Stéphane GayetLes micro-organismes en question sont d'abord et avant tout des bactéries. Une bactérie est un être vivant à part entière, car constituée d'une cellule bien vivante qui se nourrit, respire, échange avec son environnement, se multiplie, grossit, parfois se déplace et naturellement finit par mourir. La cellule bactérienne est en volume de l'ordre de vingt-cinq mille fois plus petite que les cellules constitutives du corps humain. Mais elle reste une cellule vivante et le plus souvent autonome. Ce n'est pas le cas des virus qui sont des éléments biologiques inertes et sans métabolisme. Or, l'une des caractéristiques essentielles du Monde vivant est sa capacité de s'adapter et d'évoluer. Tout être vivant doit survivre, se protéger et se défendre, ainsi que se reproduire. C'est ce que nous faisons de façon innée. C'est ce que font les bactéries également de façon innée.

Un antibiotique est une substance chimique dont l'une des propriétés est d'inhiber la multiplication de certaines bactéries ; "certaines", car il n'existe pas d'antibiotique "à tout faire", qui serait efficace sur toutes les bactéries et c'est heureux. Pour être en mesure de comprendre comment les bactéries en sont arrivées à se montrer capables de résister aux antibiotiques, il faut préciser d'où viennent les antibiotiques. Ils ne proviennent pas d'une synthèse chimique phénoménale réalisée par un inventeur de génie, mais des bactéries elles-mêmes ou de champignons microscopiques. La comparaison avec certaines plantes sauvages herbacées permettra de bien appréhender l’origine et la nature des antibiotiques.
Les herbes sont en concurrence les unes avec les autres, pour l’occupation du sol et la réception des rayons solaires.
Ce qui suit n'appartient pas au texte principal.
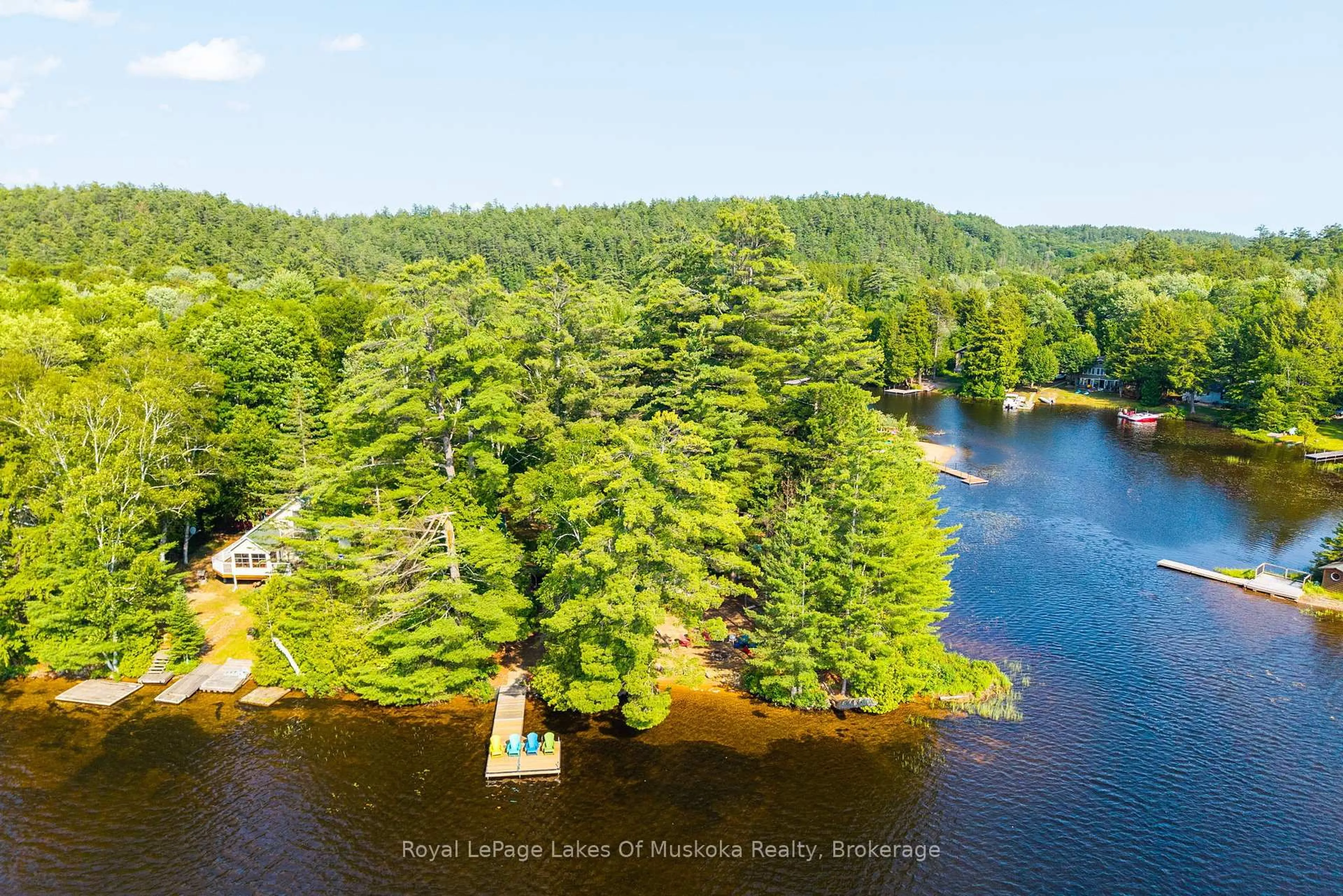 A pic from outside/outdoor area/front of a property/back of a property/a pic from drone, water/lake/river/ocean view for 1015 Goodlife Lane, Algonquin Highlands Ontario P0A 1E0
Le pissenlit pousse assez vite, développe de grosses, longues et puissantes racines et peut faire de l’ombre à d’autres plantes herbacées nettement plus petites que lui. Si l’on découvre qu’il ne pousse jamais de pissenlit autour d’une petite herbe, on peut être incité à faire un broyat de cette petite herbe et à le déposer sur le sol en y ajoutant des graines de pissenlit. On peut ensuite observer que les graines de pissenlit ne donnent pas de plante, alors qu’elles en donnent lorsque l’opération est réalisée sans le broyat. Puis on peut mettre en évidence dans ce même broyat une substance qui s’oppose au développement des pissenlits. C’est dans ce cas une substance naturelle découverte par l’observation. La petite herbe repousse la grande, n’est-ce pas là un juste équilibre ? On peut ensuite cultiver de façon intensive cette petite herbe afin de produire de grandes quantités de cette substance anti-pissenlit. Ce qui va nous permettre de lutter contre les pissenlits… jusqu’à ce qu’apparaissent les premiers pissenlits résistants ; ensuite, cette résistance va progresser et s’intensifier du fait de cette utilisation intense et ainsi de suite…
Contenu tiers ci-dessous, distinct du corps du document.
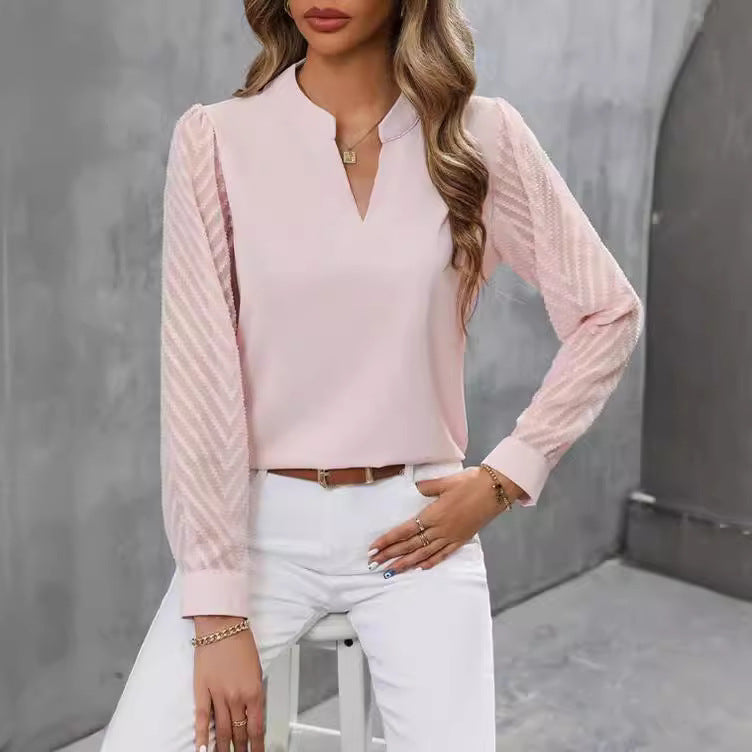 Chiffon Patchwork V-Neck Long Sleeve Shirt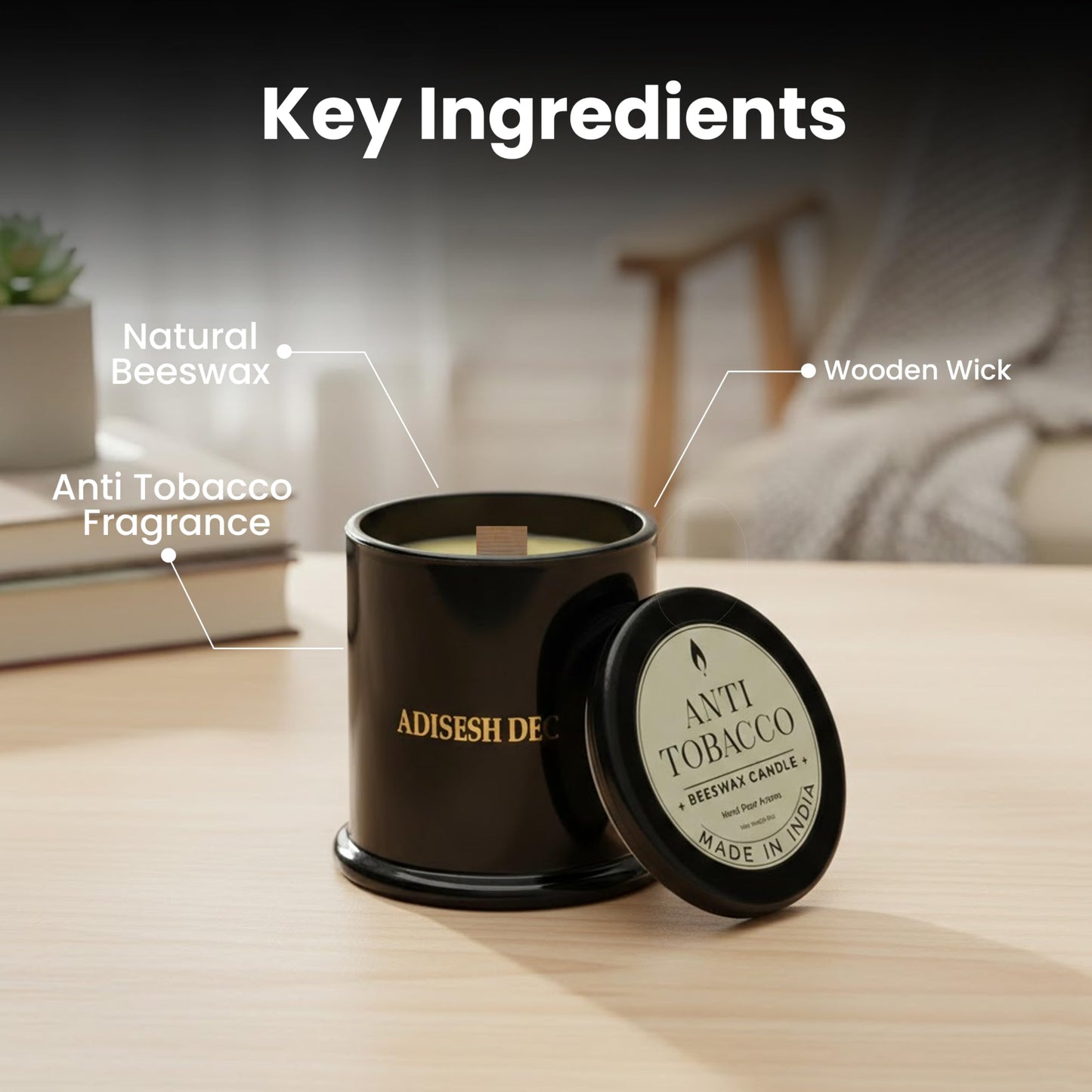 Adisesh Decor Anti Tobacco Beeswax Candle – Long Lasting 70+ Hour Burn | Natural Odor Eliminating Scented Candle for Home, Smoke & Pet Odor Neutralizer | Hand Poured Clean Burning Decorative Candle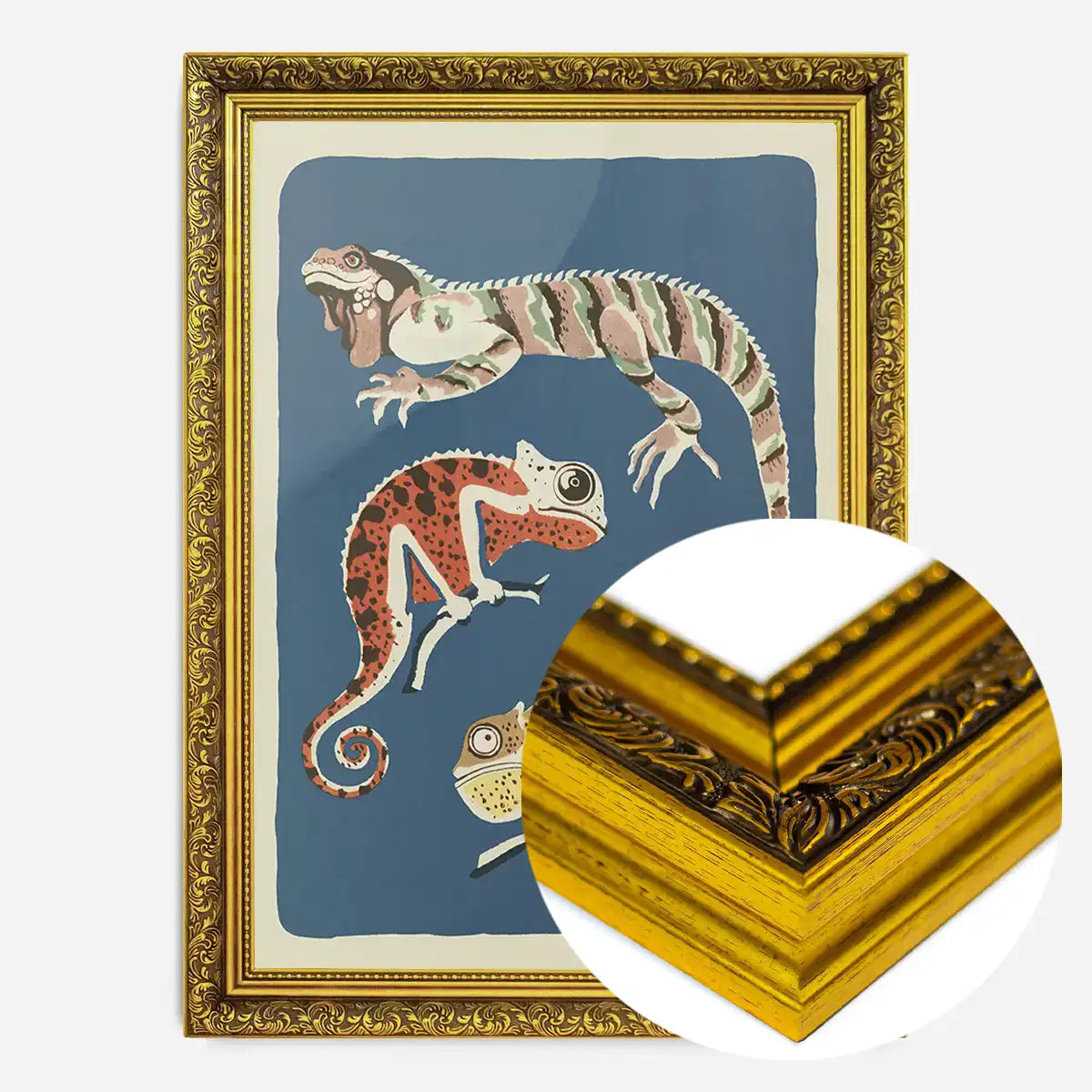 Three Lizards Illustration Print by Elena Pavlovna Gertik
C’est exactement le même phénomène avec les antibiotiques. Ce sont initialement des substances naturelles qui sont produites par certaines bactéries pour lutter contre d’autres bactéries, pour une raison de compétition pour l’espace et les nutriments. Parfois, ce ne sont pas des bactéries, mais des champignons microscopiques, comme dans le cas de Penicillium notatum, champignon microscopique filamenteux producteur de la pénicilline naturelle ou pénicilline G qui est à l’origine de la découverte fortuite du premier antibiotique en 1928 par Alexander Fleming.
La question que l’on se pose alors est la suivante : comment les bactéries font elles pour parvenir à résister à un ou plusieurs antibiotiques ? Les modes d’action des différentes familles d’antibiotique sont complexes, les modes de résistance des bactéries à ces antibiotiques également. On trouvera ici quelques précisions sur la résistance des bactéries : http://www.atlantico.fr/node/2455047. Sans qu’il soit possible ici d’entrer dans les détails, il faut préciser que cette résistance est codée par des gènes, c’est-à-dire des unités fonctionnelles de l’acide désoxyribonucléique (ADN) bactérien, que ces gènes soient dans le chromosome (ADN chromosomique) ou au sein d’ADN non chromosomique (tout particulièrement des plasmides). En général, un gène code pour la résistance à un antibiotique ou à une famille d’antibiotiques. Mais comment peut se former un nouveau gène codant pour la résistance à un antibiotique ? On a longtemps admis que les nouveaux gènes – ceci pour tout le Monde vivant – apparaissaient par modification brutale de l’ADN du génome (c’est-à-dire l’identité génétique d’un individu), du fait d’une mutation. Cette théorie n’est pas très convaincante ni satisfaisante.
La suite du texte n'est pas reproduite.